Corría el año 1.904 y aquella tertulia, que había abierto el gallego Ramón María del Valle Inclán en el Nuevo Café de Levante, hervía por las noches con la flor y nata de los intelectuales de la Generación del 98 y los artistas más significados. Entre los asiduos podíamos encontrar a Ignacio Zuloaga, Gutiérrez Solana, Santiago Rusiñol, Mateo Inurria, Chicharro, Beltrán Masses o Rafael Penagos. El Nuevo Café del Levante estaba situado en la calle Arenal en la acera de la izquierda según se entra por la Puerta del Sol. Frecuentado por melómanos. Actuaba el violinista Abelardo Corbino y el joven pianista Engrita. Allí estuvo durante diez años la tertulia literaria y artística más importante de la época desde principios de siglo hasta la guerra europea.
Aquella tarde noche del 13 de mayo de 1.904 el que sorprendió a todos los presentes fue Pío Baroja. Porque cuando se estaba hablando de los españoles y de las distintas clases de españoles, el novelista vasco sorprendió a todos y dijo:
“La verdad es que en España hay siete clases de españoles….sí, como los siete pecados capitales. A saber:
- los que saben
- los que no quieren saber
- los que odian el saber
- los que sufren por no saber
- los que aparentan que saben
- los que triunfan sin saber
- los que viven gracias a que los demás no saben
Unamuno y Benito Pérez Galdós aplaudieron a Baroja. Sobre todo por el último punto, el que dice “los que viven gracias a que los demás no saben”. Estos últimos se llaman a sí mismos “políticos” y a veces hasta “intelectuales”.

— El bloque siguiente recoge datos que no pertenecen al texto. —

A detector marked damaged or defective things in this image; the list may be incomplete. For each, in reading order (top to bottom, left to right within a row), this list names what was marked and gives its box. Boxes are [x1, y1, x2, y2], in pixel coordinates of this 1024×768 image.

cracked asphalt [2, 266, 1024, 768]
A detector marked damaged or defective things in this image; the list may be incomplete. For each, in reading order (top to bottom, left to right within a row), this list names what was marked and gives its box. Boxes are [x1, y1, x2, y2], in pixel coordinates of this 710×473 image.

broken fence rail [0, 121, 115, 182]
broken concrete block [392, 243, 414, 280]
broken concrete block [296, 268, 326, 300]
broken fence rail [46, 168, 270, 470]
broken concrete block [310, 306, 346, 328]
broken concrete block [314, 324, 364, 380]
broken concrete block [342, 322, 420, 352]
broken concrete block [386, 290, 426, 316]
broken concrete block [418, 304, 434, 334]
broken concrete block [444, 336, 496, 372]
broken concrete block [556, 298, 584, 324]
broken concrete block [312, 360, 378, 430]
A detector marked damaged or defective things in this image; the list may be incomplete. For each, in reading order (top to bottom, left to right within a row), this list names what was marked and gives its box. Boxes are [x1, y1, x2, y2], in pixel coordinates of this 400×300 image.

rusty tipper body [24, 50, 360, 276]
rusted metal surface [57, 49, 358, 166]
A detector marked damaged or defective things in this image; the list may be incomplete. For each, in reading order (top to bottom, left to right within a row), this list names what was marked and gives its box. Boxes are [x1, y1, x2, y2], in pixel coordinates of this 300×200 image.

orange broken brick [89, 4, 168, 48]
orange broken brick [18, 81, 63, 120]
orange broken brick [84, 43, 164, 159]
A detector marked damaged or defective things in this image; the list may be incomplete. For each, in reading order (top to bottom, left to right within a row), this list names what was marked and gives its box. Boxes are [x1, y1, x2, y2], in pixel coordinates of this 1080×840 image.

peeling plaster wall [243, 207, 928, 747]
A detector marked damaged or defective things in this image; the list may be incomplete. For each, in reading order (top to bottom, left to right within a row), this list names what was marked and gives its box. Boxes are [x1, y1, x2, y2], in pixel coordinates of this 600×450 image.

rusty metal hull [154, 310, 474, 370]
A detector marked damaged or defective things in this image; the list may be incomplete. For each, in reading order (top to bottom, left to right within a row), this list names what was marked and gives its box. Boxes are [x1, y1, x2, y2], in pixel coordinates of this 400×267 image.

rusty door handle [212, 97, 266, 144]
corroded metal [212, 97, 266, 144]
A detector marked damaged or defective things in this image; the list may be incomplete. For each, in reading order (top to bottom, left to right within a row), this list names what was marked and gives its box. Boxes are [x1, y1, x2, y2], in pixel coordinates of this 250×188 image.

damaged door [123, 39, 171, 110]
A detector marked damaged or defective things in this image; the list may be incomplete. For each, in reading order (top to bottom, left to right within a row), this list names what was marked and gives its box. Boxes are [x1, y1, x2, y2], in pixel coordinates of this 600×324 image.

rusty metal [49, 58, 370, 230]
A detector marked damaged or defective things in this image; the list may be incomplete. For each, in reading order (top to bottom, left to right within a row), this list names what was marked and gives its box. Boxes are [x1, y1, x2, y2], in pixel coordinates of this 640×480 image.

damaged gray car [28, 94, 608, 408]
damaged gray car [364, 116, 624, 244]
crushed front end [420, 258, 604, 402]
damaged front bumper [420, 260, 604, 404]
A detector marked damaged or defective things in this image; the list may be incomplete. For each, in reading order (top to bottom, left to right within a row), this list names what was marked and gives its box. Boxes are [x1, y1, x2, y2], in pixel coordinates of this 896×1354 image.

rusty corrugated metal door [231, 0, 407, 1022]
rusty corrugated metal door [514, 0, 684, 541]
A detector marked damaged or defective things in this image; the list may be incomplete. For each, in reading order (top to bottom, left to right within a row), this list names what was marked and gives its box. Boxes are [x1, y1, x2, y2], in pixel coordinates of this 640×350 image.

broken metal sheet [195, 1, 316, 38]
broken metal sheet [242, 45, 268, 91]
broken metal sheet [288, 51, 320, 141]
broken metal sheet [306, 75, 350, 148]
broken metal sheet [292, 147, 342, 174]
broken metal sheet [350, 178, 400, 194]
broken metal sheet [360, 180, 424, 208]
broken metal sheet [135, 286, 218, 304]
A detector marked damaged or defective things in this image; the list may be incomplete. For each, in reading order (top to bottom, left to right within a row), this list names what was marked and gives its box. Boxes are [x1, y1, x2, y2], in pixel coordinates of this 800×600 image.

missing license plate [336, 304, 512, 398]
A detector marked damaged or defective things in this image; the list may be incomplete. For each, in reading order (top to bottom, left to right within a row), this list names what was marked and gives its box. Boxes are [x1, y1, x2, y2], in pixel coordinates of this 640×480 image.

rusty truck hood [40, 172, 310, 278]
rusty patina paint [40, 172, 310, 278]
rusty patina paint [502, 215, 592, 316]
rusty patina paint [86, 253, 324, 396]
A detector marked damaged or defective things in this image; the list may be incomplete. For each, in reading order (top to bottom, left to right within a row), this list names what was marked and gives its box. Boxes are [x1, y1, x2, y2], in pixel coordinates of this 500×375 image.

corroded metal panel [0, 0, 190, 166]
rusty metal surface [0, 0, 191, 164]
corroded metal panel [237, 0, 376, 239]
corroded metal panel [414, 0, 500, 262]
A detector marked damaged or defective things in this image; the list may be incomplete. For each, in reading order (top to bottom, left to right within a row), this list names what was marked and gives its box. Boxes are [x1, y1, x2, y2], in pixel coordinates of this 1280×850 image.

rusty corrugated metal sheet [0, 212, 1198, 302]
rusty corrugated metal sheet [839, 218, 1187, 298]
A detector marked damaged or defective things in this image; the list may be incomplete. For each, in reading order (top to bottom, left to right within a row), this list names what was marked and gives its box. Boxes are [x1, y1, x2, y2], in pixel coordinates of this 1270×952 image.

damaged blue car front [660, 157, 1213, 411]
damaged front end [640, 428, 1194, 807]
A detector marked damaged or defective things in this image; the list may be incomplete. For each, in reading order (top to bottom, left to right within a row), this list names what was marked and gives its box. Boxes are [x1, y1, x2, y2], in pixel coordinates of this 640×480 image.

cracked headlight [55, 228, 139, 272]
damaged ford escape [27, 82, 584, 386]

O sea, que ayer como hoy y hoy como ayer, los políticos españoles nunca tuvieron buena imagen.
Esta historia viene a cuento de la lectura de la encuesta del CIS en la que la valoración de la clase política cae por los suelos después del paro y la economía, pasando el terrorismo a cuarto lugar. Ya es triste que preocupe más a los españoles la clase política que el terrorismo etarra. Algo harán mal para que los españoles no les valoren de forma positiva.
Dice un proverbio que “no me des dinero; ponme donde lo haya” y este parece ser el proverbio de cabecera de muchos de los actuales políticos, similares o adheridos. Dice Esperanza Aguirre que “el poder desgasta y a algunos hasta los corrompe” y creo que tiene razón si cambiamos “muchos” por “algunos”.
Cada día al abrir el periódico nos desayunamos, no ya con un sapo, sino una subvención inadecuada, con unas comisiones en el Ayuntamiento de tal o cual pueblo o capital, con un ERE fraudulento, con un cambio de calificación de terrenos, con tres trajes regalados o con una financiación al partido correspondiente a cambio de favores, cohechos o malversación de fondos públicos.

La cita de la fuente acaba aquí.